Executive Summary
- The transition to Net Zero is changing the power grid from two sides: rising electricity demand from data centres, EVs (electric vehicles), and the electrification of heating, combined with a more distributed and less predictable renewable supply, is driving urgent demand for real-time asset monitoring
- Megger, as an industry leader, is moving increasingly towards a monitoring-first approach, combining automated anomaly detection through wired and wireless sensors feeding into cloud platforms, with human expert verification to filter out false alarms and deliver reliable, actionable insights to maintenance teams
- Future outlook: As technology progresses, integrated solutions are becoming more preventative than reactive. Monitoring solutions like the ICM Observer and ADX Analyser are driving the shift from isolated testing snapshots to continuous, data-rich asset health management; reducing unplanned downtime and extending the lifecycle of critical infrastructure
Megger, a global leader in electrical test and measurement, is making the case that condition monitoring is no longer optional; it is a strategic necessity. In this exclusive interview from Electrical Insight, Sean Jackson from Megger’s online monitoring team (UK and Ireland) explains how the twin pressures of rising demand and a changing energy mix are forcing utilities to rethink how they manage ageing assets.

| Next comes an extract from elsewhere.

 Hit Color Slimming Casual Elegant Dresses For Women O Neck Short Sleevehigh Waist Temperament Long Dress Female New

Navigating the Net Zero Time Crunch Cooker
The global transition to Net Zero is not just a policy shift; it is placing the power grid under pressure from both sides. According to Sean Jackson of Megger (UK & Ireland), utilities are managing two forces simultaneously: surging electricity demand from data centres, electric vehicles, and the electrification of heating, while also integrating a renewable supply that is increasingly distributed and less predictable.

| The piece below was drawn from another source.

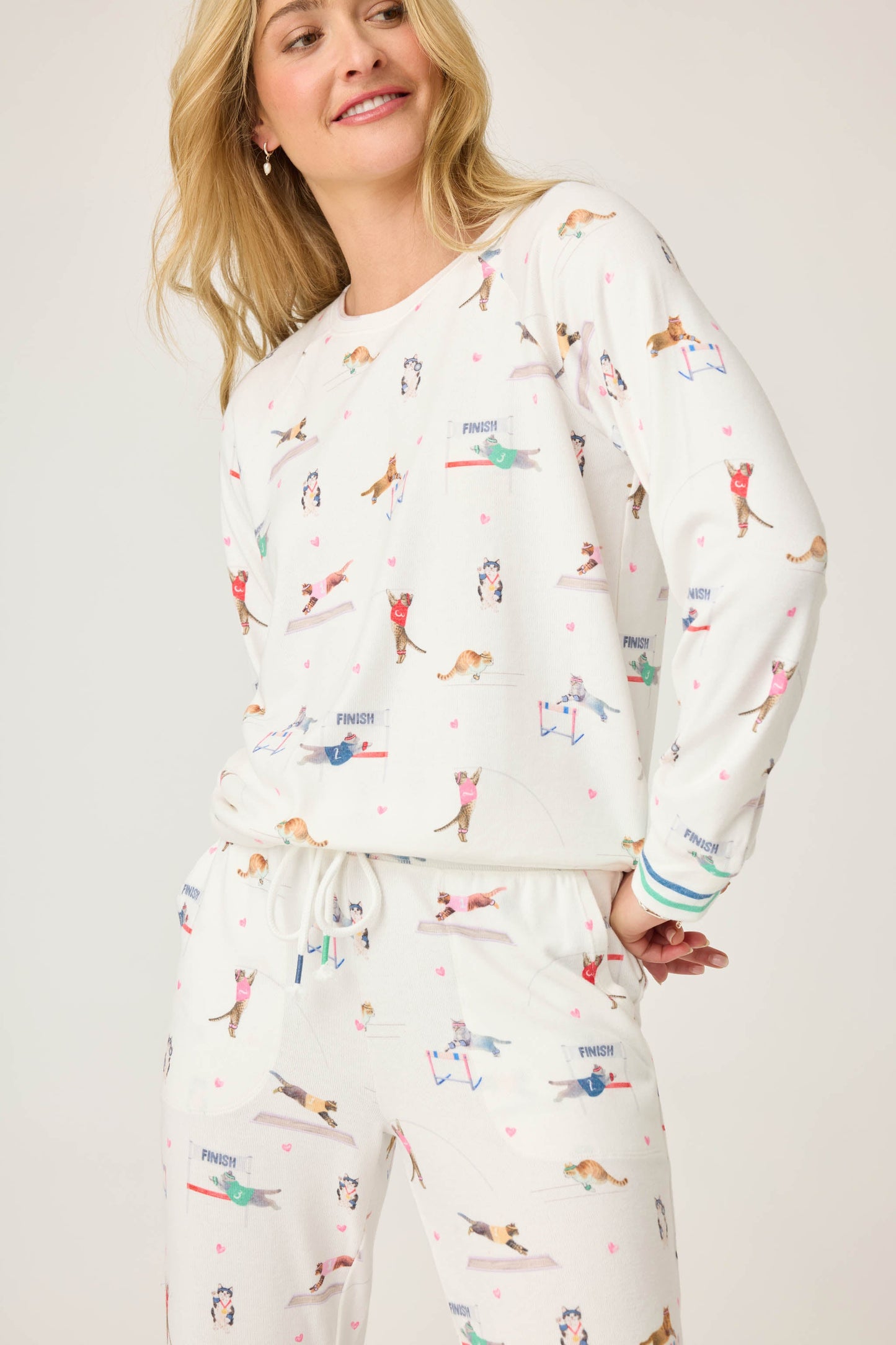 Catletics Cat Print Long Sleeve Top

“Utilities are trying to manage a grid that’s becoming more complex from two sides; higher demand on one hand and a more distributed and less predictable supply on the other,” says Jackson. “That’s where suppliers can help, with things like online monitoring sensors and gathering real-time data about asset condition.”

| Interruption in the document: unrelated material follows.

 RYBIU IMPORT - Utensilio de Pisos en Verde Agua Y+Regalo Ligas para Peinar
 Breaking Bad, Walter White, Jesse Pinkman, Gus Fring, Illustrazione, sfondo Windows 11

Prime Root Causes of System Vulnerability
As the grid evolves, the risk of failure increases dramatically. Jackson identifies that for rotating machines, the most common failure modes are insulation deterioration, thermal stress, mechanical faults, and bearing failures. Many of these issues develop gradually over time; making early detection the key to preventing unplanned outages. Partial Discharge (PD) monitoring targets stator insulation health, providing an early warning long before a fault develops.
For mechanical faults, vibration monitoring detects bearing wear, misalignment, unbalance, and looseness by tracking the distinctive vibration signatures each fault creates.
The shift Jackson describes is clear: from periodic, time-based inspection to continuous, data-driven condition monitoring; understanding in real time how much load an asset can safely handle and acting before failures occur.
The Future: AI and Digital Twins
AI is beginning to have a real impact on condition monitoring and predictive maintenance. Megger’s reliability service already uses wired and wireless sensors feeding into a cloud-based platform where anomalies are flagged automatically. Reliability specialists then verify each diagnosis before it reaches the customer; a critical step Jackson stresses is essential to avoid false alarms and ensure actionable insight. Looking ahead, the industry is moving towards fusing multi-sensor data with deep learning, with digital twins representing the next step in predictive accuracy.